What you are asked to do
Would you output the entries below only from the line containing "(1 Par) Alargador" through the line containing "Triple Protection Natural", exactly as they stand and with both ends included?

┄┄┄┄┄┄┄┄┄┄┄┄┄┄┄┄┄┄┄┄

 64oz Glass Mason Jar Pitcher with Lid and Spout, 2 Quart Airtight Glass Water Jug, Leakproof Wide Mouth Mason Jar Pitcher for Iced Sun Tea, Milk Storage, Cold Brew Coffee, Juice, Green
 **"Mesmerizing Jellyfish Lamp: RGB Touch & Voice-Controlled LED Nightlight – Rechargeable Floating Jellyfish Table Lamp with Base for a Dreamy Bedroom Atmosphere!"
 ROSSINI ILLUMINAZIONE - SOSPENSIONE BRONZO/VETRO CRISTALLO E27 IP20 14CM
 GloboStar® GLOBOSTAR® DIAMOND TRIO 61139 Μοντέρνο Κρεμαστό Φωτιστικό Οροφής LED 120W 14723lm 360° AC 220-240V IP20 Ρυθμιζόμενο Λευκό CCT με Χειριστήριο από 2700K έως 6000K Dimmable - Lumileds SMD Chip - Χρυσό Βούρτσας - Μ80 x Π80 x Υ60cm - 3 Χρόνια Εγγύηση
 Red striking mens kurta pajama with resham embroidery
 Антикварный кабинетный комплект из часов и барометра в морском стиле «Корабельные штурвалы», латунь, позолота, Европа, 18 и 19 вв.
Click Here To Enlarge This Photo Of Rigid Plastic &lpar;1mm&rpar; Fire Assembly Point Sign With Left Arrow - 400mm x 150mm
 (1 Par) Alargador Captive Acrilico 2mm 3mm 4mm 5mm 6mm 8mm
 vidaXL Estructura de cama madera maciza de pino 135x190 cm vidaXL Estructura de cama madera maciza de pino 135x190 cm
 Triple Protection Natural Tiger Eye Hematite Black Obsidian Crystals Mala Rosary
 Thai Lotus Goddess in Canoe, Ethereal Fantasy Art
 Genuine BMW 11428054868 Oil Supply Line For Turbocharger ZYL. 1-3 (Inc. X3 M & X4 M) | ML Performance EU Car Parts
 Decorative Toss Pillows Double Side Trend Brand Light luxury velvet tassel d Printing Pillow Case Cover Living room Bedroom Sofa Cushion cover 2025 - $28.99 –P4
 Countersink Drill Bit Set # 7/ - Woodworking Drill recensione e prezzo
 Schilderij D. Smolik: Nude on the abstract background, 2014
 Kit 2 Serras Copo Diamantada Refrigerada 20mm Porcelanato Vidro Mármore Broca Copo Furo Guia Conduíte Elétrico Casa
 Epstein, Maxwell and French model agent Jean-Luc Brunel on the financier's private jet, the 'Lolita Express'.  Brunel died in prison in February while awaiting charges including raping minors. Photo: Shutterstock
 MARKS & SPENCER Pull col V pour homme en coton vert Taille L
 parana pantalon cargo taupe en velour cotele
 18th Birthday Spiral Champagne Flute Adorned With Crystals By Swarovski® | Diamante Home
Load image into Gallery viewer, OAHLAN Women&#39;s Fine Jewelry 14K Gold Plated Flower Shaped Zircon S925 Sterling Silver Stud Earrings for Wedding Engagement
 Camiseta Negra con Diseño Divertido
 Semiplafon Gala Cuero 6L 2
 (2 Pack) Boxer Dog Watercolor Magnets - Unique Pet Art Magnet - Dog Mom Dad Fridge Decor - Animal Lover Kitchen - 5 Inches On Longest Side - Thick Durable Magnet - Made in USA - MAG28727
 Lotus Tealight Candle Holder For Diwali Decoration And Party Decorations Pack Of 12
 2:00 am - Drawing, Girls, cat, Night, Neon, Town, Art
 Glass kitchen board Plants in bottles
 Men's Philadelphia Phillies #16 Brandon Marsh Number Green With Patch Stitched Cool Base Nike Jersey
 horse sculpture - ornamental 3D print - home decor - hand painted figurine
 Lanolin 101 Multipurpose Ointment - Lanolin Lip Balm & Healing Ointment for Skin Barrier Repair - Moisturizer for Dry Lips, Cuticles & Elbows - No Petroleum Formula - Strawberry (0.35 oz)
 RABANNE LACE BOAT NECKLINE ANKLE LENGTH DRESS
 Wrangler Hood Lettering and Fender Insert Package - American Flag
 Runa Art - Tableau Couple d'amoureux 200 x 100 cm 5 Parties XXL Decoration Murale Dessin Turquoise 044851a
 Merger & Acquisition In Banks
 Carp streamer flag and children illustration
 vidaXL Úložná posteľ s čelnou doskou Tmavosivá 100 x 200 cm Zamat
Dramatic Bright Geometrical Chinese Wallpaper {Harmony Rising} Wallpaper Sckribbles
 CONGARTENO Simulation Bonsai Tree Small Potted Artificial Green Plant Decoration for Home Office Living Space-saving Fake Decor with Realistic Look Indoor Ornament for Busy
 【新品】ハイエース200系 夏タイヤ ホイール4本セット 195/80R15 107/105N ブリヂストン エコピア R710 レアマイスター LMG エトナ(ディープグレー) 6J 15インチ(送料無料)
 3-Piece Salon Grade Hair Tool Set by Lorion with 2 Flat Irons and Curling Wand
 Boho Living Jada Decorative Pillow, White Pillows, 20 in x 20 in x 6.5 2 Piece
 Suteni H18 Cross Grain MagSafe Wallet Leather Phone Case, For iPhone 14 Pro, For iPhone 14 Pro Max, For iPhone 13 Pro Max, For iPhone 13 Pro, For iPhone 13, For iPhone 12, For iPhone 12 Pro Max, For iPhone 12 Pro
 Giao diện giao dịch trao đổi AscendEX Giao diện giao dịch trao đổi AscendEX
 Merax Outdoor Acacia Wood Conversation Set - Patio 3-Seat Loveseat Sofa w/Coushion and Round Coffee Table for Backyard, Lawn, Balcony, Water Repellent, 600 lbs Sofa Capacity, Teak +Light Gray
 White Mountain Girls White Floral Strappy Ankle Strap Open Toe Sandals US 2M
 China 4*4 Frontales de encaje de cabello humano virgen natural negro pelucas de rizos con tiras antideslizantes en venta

┄┄┄┄┄┄┄┄┄┄┄┄┄┄┄┄┄┄┄┄

Answer for this exercise
 (1 Par) Alargador Captive Acrilico 2mm 3mm 4mm 5mm 6mm 8mm
 vidaXL Estructura de cama madera maciza de pino 135x190 cm vidaXL Estructura de cama madera maciza de pino 135x190 cm
 Triple Protection Natural Tiger Eye Hematite Black Obsidian Crystals Mala Rosary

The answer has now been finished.